Cet état des lieux est absolument nécessaire et actuel en cette ère d’islamophobie, d’autant que la génération d’expatriés des Français d’Algérie n’a pas complètement disparu, et que certains de ses héritiers sont dépositaires d’une autorité locale ou nationale en France, à l’instar d’Arnaud Montebourg ou de Robert Ménard. Car cette histoire commune fut marquée par la violence dans les deux camps, une vision manichéenne est complètement inadaptée pour en rendre compte. C’est pourtant la tendance majeure du côté algérien. L’exemple de la difficulté qu’ont eue les auteurs à interviewer l’ambassadeur d’Algérie en France, Amar Bendjama, est significatif. Il accepte un entretien après de longues tractations, mais adopte une posture de méfiance à l’égard des journalistes : tout écrit sur l’Algérie serait forcément partial et intéressé politiquement.
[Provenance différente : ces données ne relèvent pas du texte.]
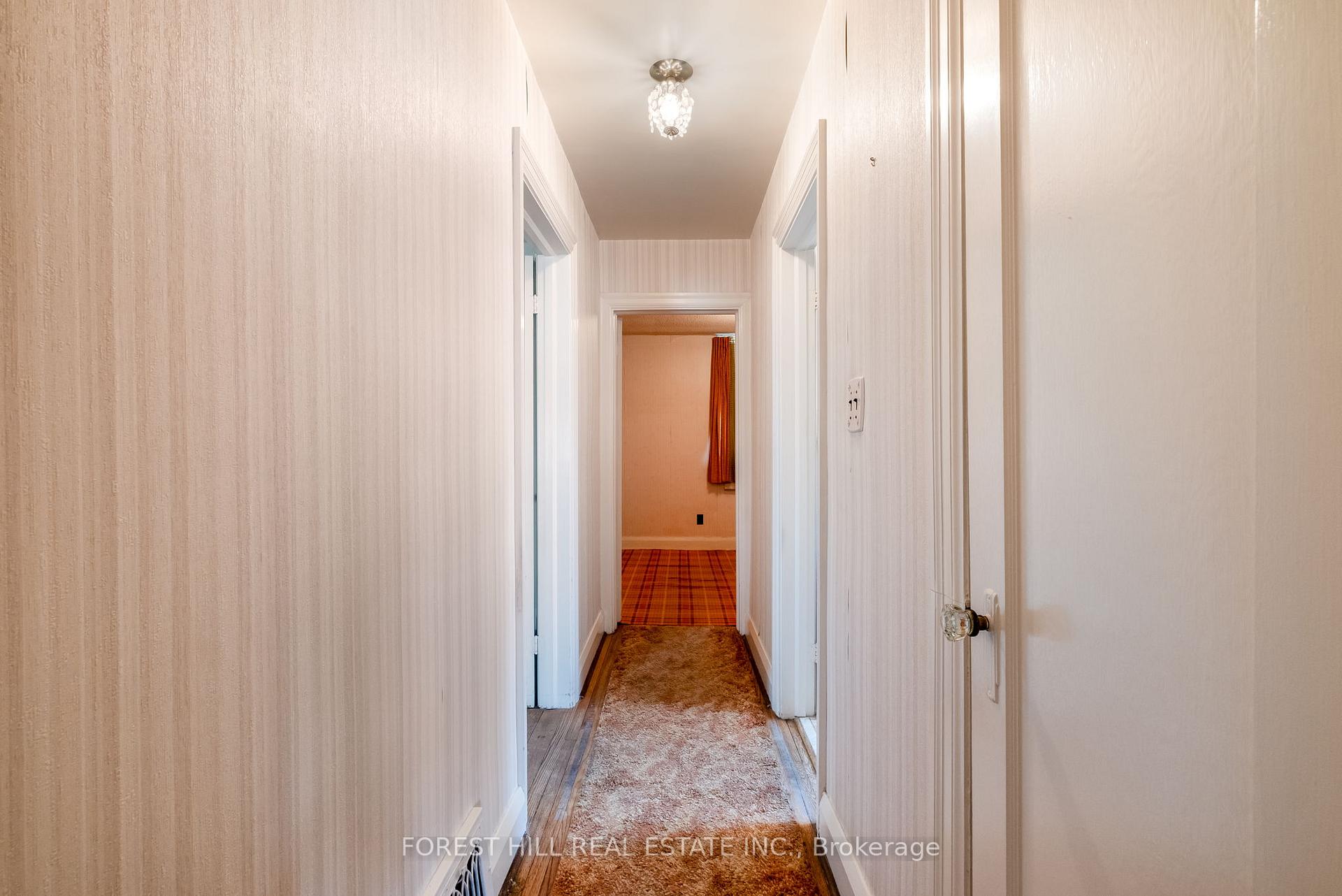 1141 Glengrove Avenue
Alors que la France tente de profiter de son image de pays démocratique face à une Algérie qui ne résiste pas, malgré sa guerre de libération, à la mécanique dictatoriale qui a cours dans les anciennes colonies françaises en Afrique ; la dissymétrie de la relation ne penche pas seulement du côté algérien. La sphère politique française entretient elle aussi l’illusion d’une relation normale, en servant aux peuples meurtris par cette histoire commune (harkis, pieds noirs, immigrés) une version partisane, souvent dans un but électoraliste. Sans jamais s’attaquer au tabou des 130 années de colonialisme en Algérie, et trahissant l’espoir d’une reconnaissance. De même, le camp algérien surenchérit sur l’insuffisance de la reconnaissance française des douleurs de cette époque, faisant valoir régulièrement sa souveraineté (retrouvée en 1962), et en mimant la posture de l’offensé à chaque sortie hasardeuse d’un politique français, jetant du sel sur les cicatrices du peuple algérien par pure démagogie. Pour autant, les tenants de l’exécutif algérien n’hésitent pas à profiter de leur statut pour bénéficier du système de santé et du parc immobilier du pays offenseur. Alors subitement la souveraineté n’a plus cours !
Paris-Alger, Une histoire passionnelle fait donc toute la lumière sur ces contradictions qui fondent la relation entre l’Algérie et la France, aujourd’hui encore polluées par l’affairisme, l’instrumentalisation de générations d’immigrés et une rancoeur tenace.